SON PARCOURS est classique. Laurence, 35 ans, a toujours eu des problèmes de poids et a multiplié les régimes depuis vingt ans. Quand elle a arrêté de fumer, «ça a été l'escalade», explique-t-elle. Onze kilos en huit mois, et de plus en plus de mal à accepter son image. «Dans notre société, le problème de l'image se pose tout le temps. Même si on le vit bien, il y a toujours un regard ou des remarques péjoratives qui font souffrir», raconte-t-elle. Des amis lui avaient conseillé le service du Pr Arnaud Basdevant, alors à l'Hôtel-Dieu, mais, lorsqu'elle s'est décidée à appeler, il y avait quatre mois d'attente. Après une première consultation, elle vient aujourd'hui pour une hospitalisation en hôpital de jour et un bilan complet.
Comme Laurence, des patients toujours plus nombreux sont accueillis dans le service du Pr Arnaud Basdevant, transféré depuis juin à la Pitié-Salpêtrière. Centre de référence de l'obésité, il forme, avec les services des Prs André Grimaldi (diabétologie), Eric Bruckert (endocrinologie-métabolisme), Frédéric Kutten (endocrinologie et médecine de la reproduction) et du Dr Gilbert Peres (physiologie du sport), un pôle d'excellence en « endocrinologie-diabétologie-métabolisme-nutrition- activité physique-prévention vasculaire ».
«Nous recevons une centaine de demandes par semaine, explique le Pr Basdevant. Malheureusement, nous sommes obligés de faire une sélection en fonction de l'âge et de la gravité de l'obésité.» Les patients consultent spontanément ou parce qu'ils ont été adressés par leur médecin traitant. C'est le cas de Johan, 33 ans. Ses problèmes de poids remontent à une dizaine d'années. Grâce à une pratique sportive intensive, il a perdu 25 kg. Des soucis médicaux et affectifs ont déclenché une nouvelle prise de poids. L'alimentation est devenue pour lui «un refuge face au stress».
Après la prise de sang, la série d'examens du matin (DEXA pour la composition corporelle, mesure calorimétrique de la dépense énergétique au repos) et la première évaluation individuelle réalisée par une diététicienne, Laurence et Johan se sont retrouvés à l'atelier nutrition. Ce qu'ils apprécient le plus, «c'est de se sentir accueillis. Les locaux et le matériel sont adaptés. Les fauteuils sont larges et sans accoudoirs. C'est agréable», témoigne Laurence.

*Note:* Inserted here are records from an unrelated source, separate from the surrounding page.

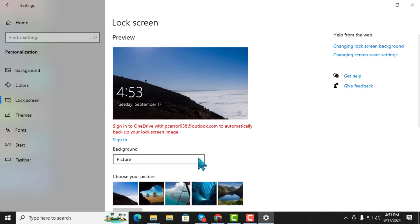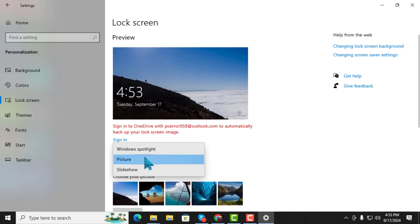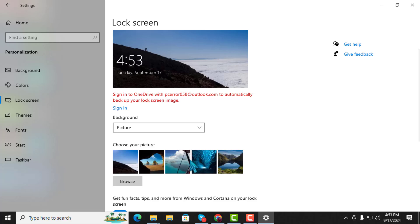Step 4. In the Personalize Your Lock Screen section, make sure that either Picture or Slideshow is selected as your lock screen background type.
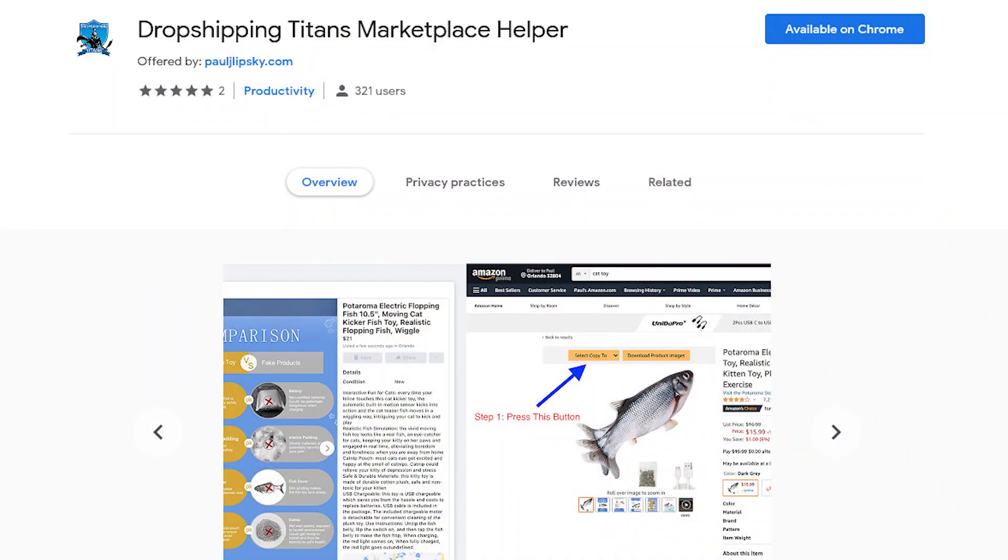And in this video, I want to introduce you to my Chrome extension called the Dropshipping Titans Marketplace Helper. This Chrome extension was designed by dropshippers for dropshippers who are dropshipping onto Facebook Marketplace, and it's designed to make your life a lot easier and to make the listing process go a lot faster. So let me show you exactly how it works.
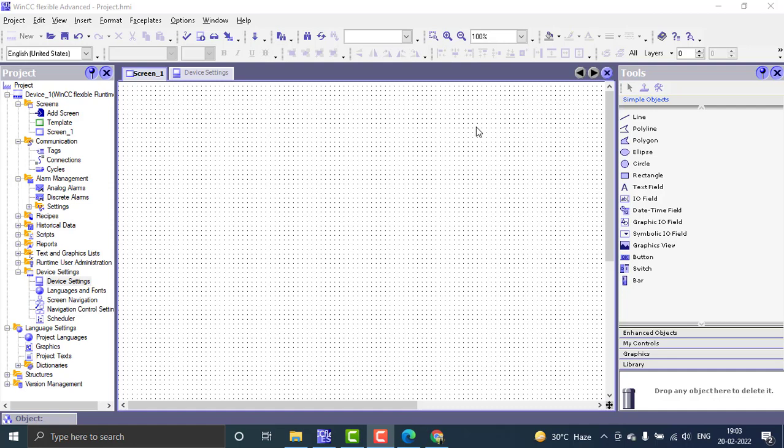Hello, welcome to admin automation. Today we are going to learn about the alarms, the printing of alarms, and the acknowledgments. For creating an alarm, we have to create a tag first — that's the first step.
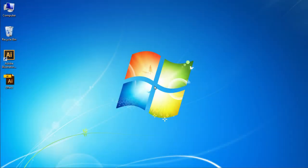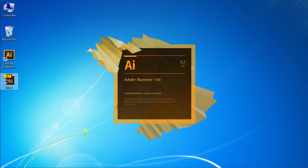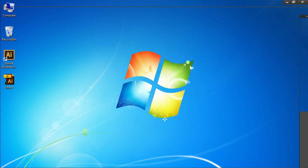In this video tutorial we will show you how to remove Illustrator effects. Open the file you want to edit in Adobe Illustrator.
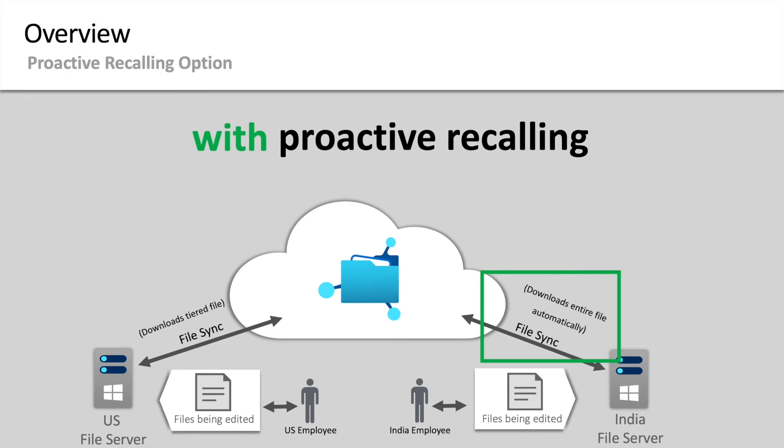The India office needs these files locally cached and ready to go when their workday begins. In scenarios like this, proactive recalling is extremely beneficial. If the US server endpoint and India server endpoint are in the same sync group, by enabling proactive recalling for India server endpoint, these new or modified files will be readily available for consumption.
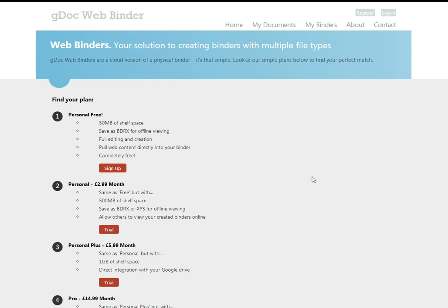Hi, I'm Andy and I'm one of the developers here at GDOC. I'd like to show you GDOC WebBinders, a website that was created with the GDOC application platform in just three days.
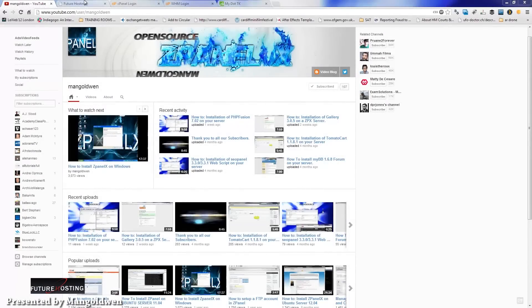Hello and welcome, this is all from the open source and ZPanel community. Don't forget to subscribe and share my video and follow me on Twitter and my blog.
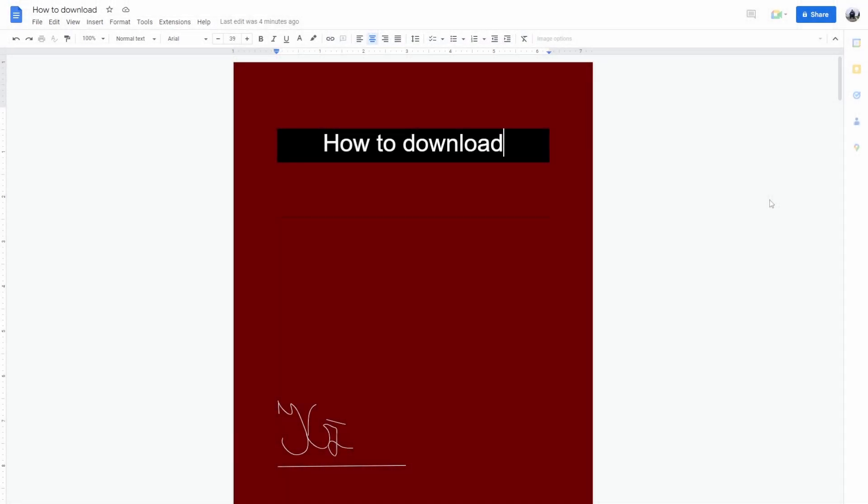And that is how to download documents in Google Docs.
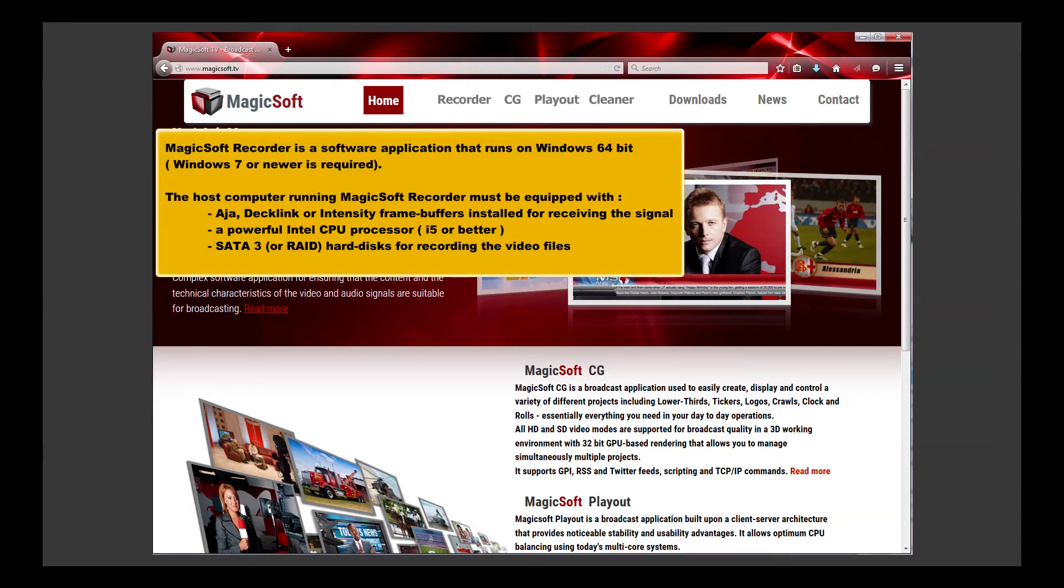MagicSoft Recorder is a software application that runs on Windows 64-bit. Windows 7 or newer is required.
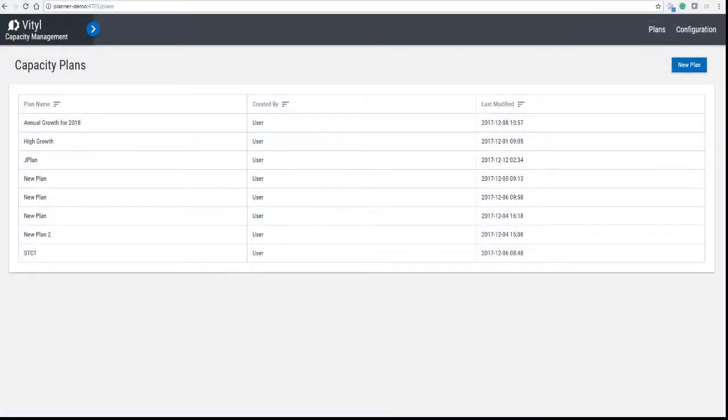Hello, this video will show you how to easily build accurate capacity plans using Vital Capacity Management.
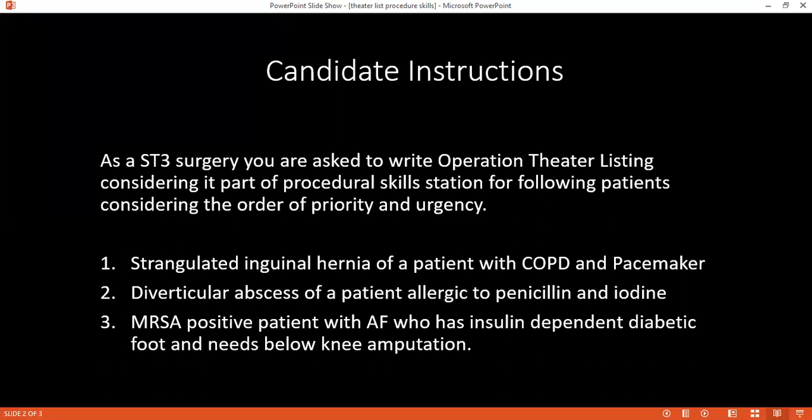Immediate cases — for life saving and limb saving within the first six hours — might include extra-dural hemorrhage and vascular injury. Emergency cases are where the patient has to be first resuscitated and then operated, occurring within the first 24 hours of decision. Examples include acute peptic ulcer, open fracture, and TBM.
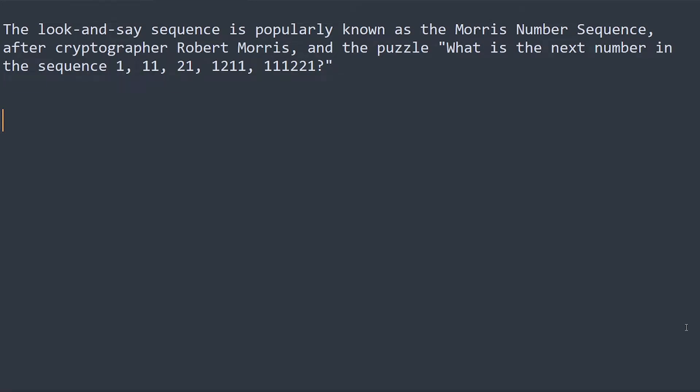Have you heard of the look-and-say number sequence? It's also called the Morris number sequence after cryptographer Robert Morris, and it has very interesting applications. In this video, let's look at the look-and-say number sequence and how we can implement it in Python.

Boeuf à la bière et gâteau à la banane.
Les ateliers nutrition ont été créés il y a vingt ans à l'Hôtel-Dieu. Objectif : sortir des régimes stéréotypés purement restrictifs et des interdits alimentaires qui entretiennent le cercle vicieux de l'obésité. Au menu, convivialité et plaisir. Une cuisine toute neuve aux couleurs riantes, organisée autour d'un vrai plan de travail. Valérie Gaudin, la diététicienne, assure la partie théorique : déterminants de la prise de poids, composition des aliments, équilibre et rythme des repas. Le dialogue s'établit avec les patients pour tenter de répondre à leurs interrogations. «Chacun a une histoire différente», explique la diététicienne. Laurence souffre de compulsion alimentaire, «d'envies irrépressibles de manger tout ce qui lui passe sous la main» ; Johan, lui, explique que «son plaisir vient de la quantité». Pas de jugements, mais des conseils et des réponses concrètes qui visent à informer et à déculpabiliser : «Bien manger ne veut pas dire petite quantité. On peut garder du volume en allégeant l'apport calorique du plat.»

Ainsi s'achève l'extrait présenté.